Very interesting; I'm fascinated with the possibility and hopeful of eventually finding Neandertal remains similarly preserved.

Factoid: Next Spring National Geographic is going to send an expedition to a WWF match anywhere in Alabama in search of a living Neandertal.
 
Very interesting; I'm fascinated with the possibility and hopeful of eventually finding Neandertal remains similarly preserved.

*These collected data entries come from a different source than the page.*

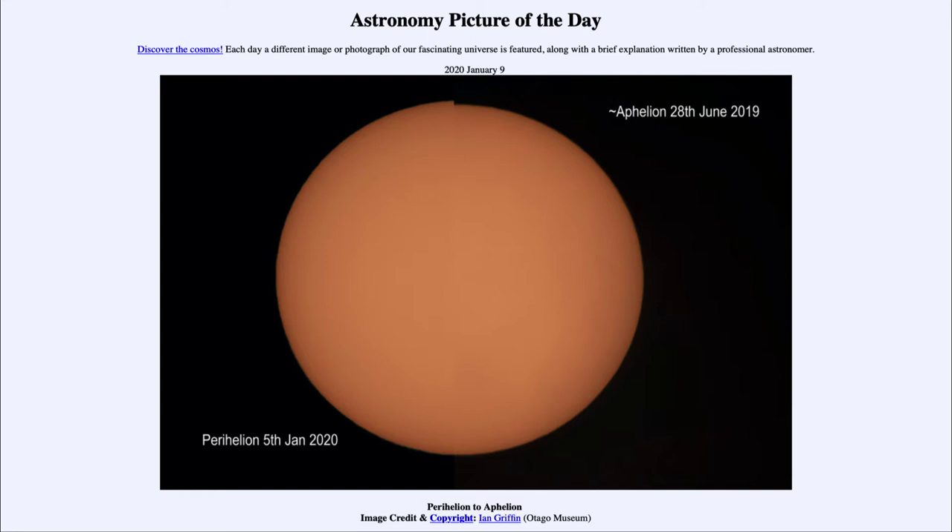So what do we see here? This is actually two images of the sun combined together. On the left-hand side, we have an image of the sun taken very recently, just a few days ago on January the 5th. And on the other one, we see one taken about six months ago on June the 28th of last year. And if you notice up at the top there, there is a little bit of a difference in the size of the two.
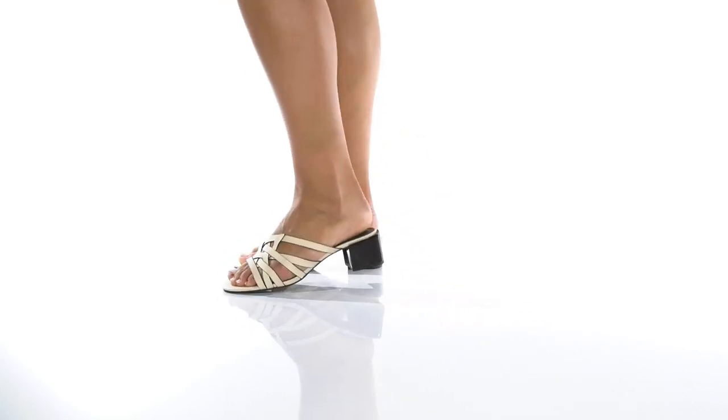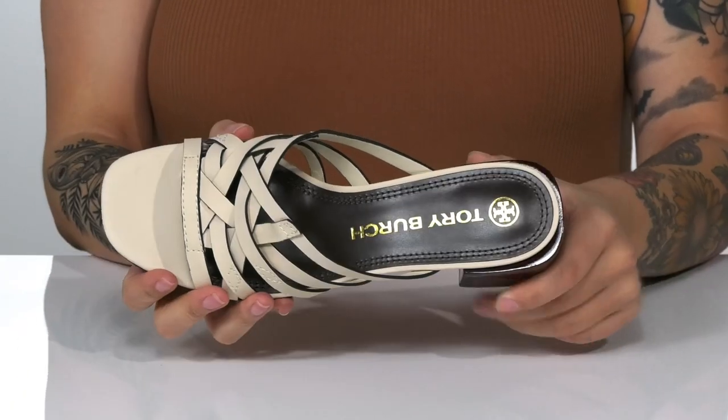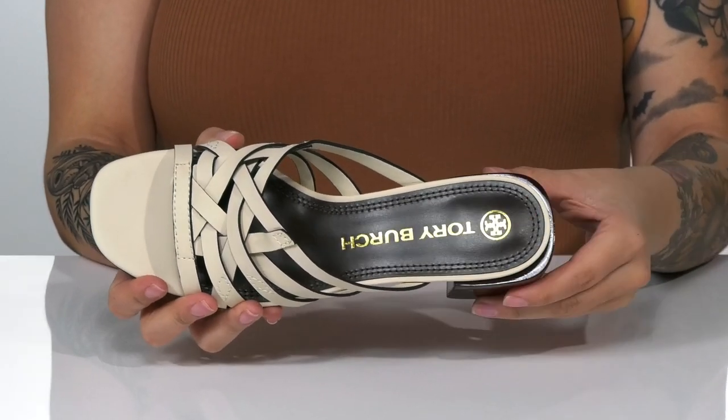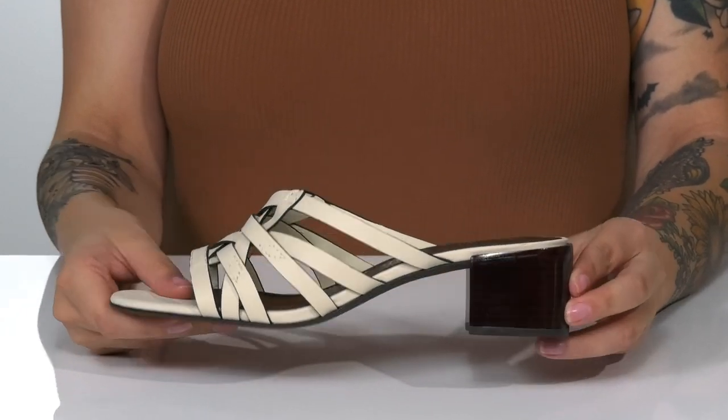Complete any look in these sandals by Tory Burch. They have a strappy leather upper with a leather inner lining. The footbed is lightly cushioned for comfort. These have a stacked heel at the back that will boost you up around 2 inches in height.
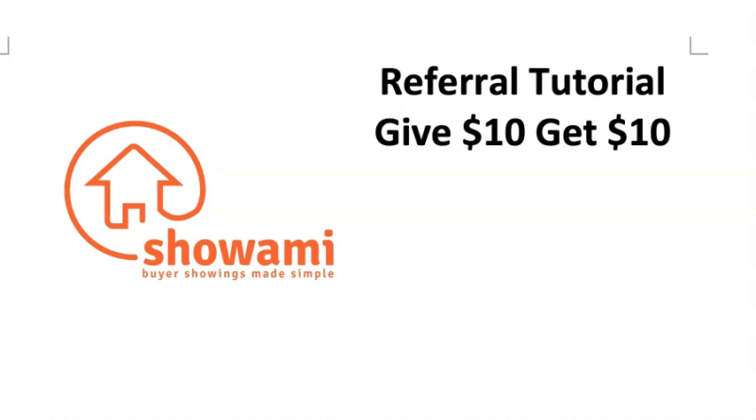Referrals are the number one way that agents find out about Xiaomi, and so we want to incentivize you by offering the other agent that you refer $10 on their first use when they sign up through the link that you give them. And when they have their first use, you in turn will receive $10. So let me show you how this works.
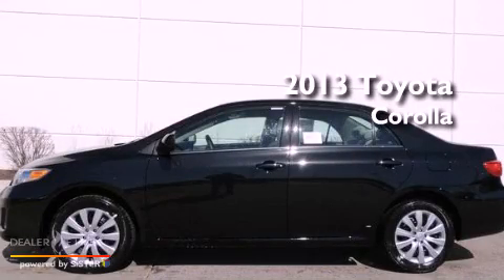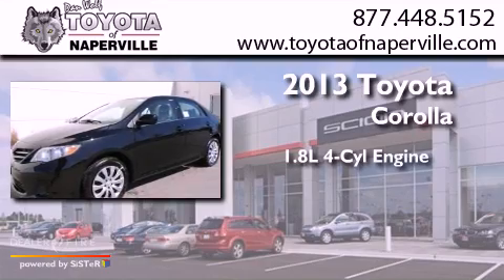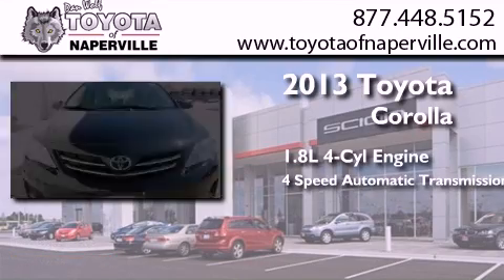This is a brand new 2013 Toyota Corolla. It features a 1.8 liter 4-cylinder engine and a 4-speed automatic transmission.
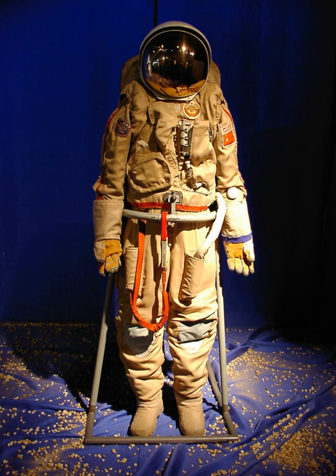An environmental suit is a suit designed specifically for a particular environment, usually one otherwise hostile to humans. An environmental suit is typically a one-piece garment, and many types also feature a helmet or other covering for the head.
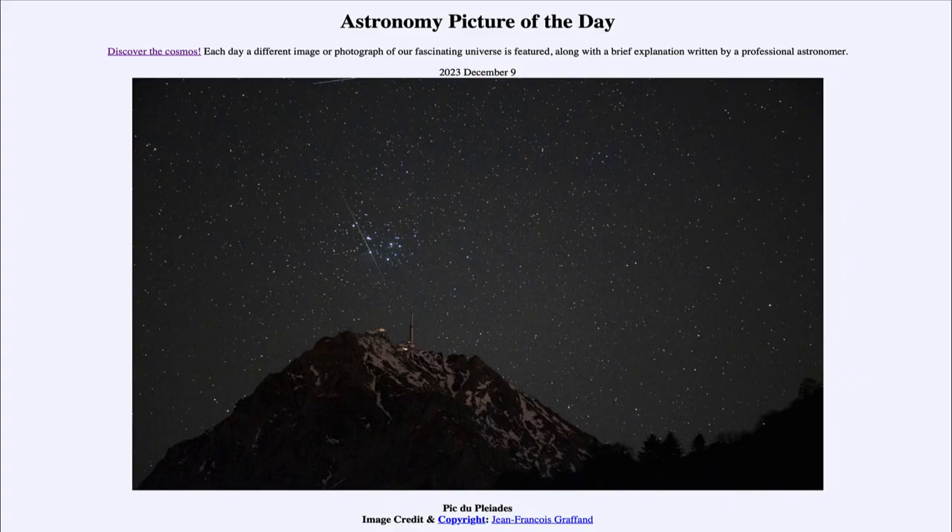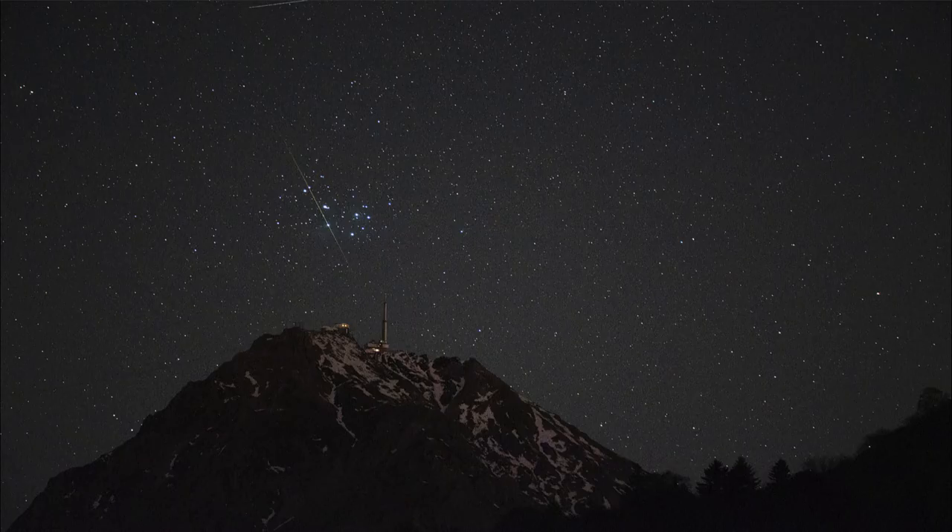Greetings and welcome to the Astronomy Picture of the Day podcast. Today's picture for December 9th of 2023 is titled 'Pic du Pleiades.' Let's zoom in and take a look — we see the mountain in the foreground, which is located in France, and looking up above we see a number of stars in the sky.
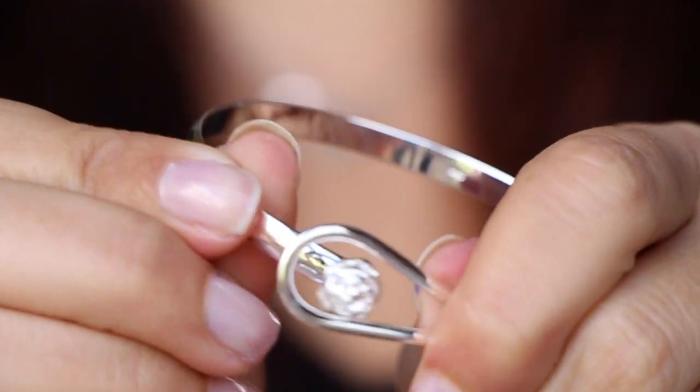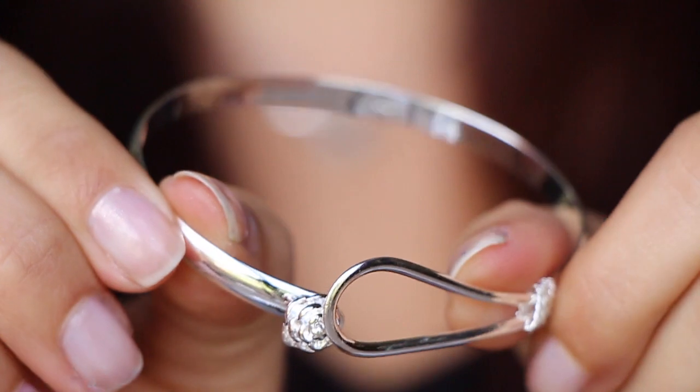Next I got this cute little bracelet — I think it was from a personal email or Amazon Review Trader. You squeeze it to open it, slide it on, and it snaps onto itself. It's a little flower bangle design, really cute — I'm going to wear that one.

Factoid: Next Spring National Geographic is going to send an expedition to a WWF match anywhere in Alabama in search of a living Neandertal.
I've always said that "he's alive and well, and living in Chicago"
 
A baby woolly mammoth, frozen in soil for 40,000 years in Siberia, was so well preserved that traces of her mother's milk were still in her stomach.
Wooly Mammoth World Tour: First Stop, America - Archaeology | Egyptology | Archeology - FOXNews.com

Very interesting; I'm fascinated with the possibility and hopeful of eventually finding Neandertal remains similarly preserved. Their geographical habitat was much the same; perhaps not in Siberia, but on the steppes of Eurasia; a tarpit or bog near the edge of some long gone glacier might be where they could turn up.

And then what... clone them? You have to admit, cloning a Mammoth or cave man would be a lot more exciting than just finding one. I know the moral dilemma surrounding such an action, but I'd say go for it.
 
A baby woolly mammoth, frozen in soil for 40,000 years in Siberia, was so well preserved that traces of her mother's milk were still in her stomach.
Wooly Mammoth World Tour: First Stop, America - Archaeology | Egyptology | Archeology - FOXNews.com

Very interesting; I'm fascinated with the possibility and hopeful of eventually finding Neandertal remains similarly preserved. Their geographical habitat was much the same; perhaps not in Siberia, but on the steppes of Eurasia; a tarpit or bog near the edge of some long gone glacier might be where they could turn up.

And then what... clone them? You have to admit, cloning a Mammoth or cave man would be a lot more exciting than just finding one. I know the moral dilemma surrounding such an action, but I'd say go for it.

Like you I'd considered that, and after all we would not be cloning a human being, not even a pre-human, but only a sub-human. Still I would go for it only if a population could be restored and an effort was made to give them a habitat where they could develop a society of their own. It's all about science, right?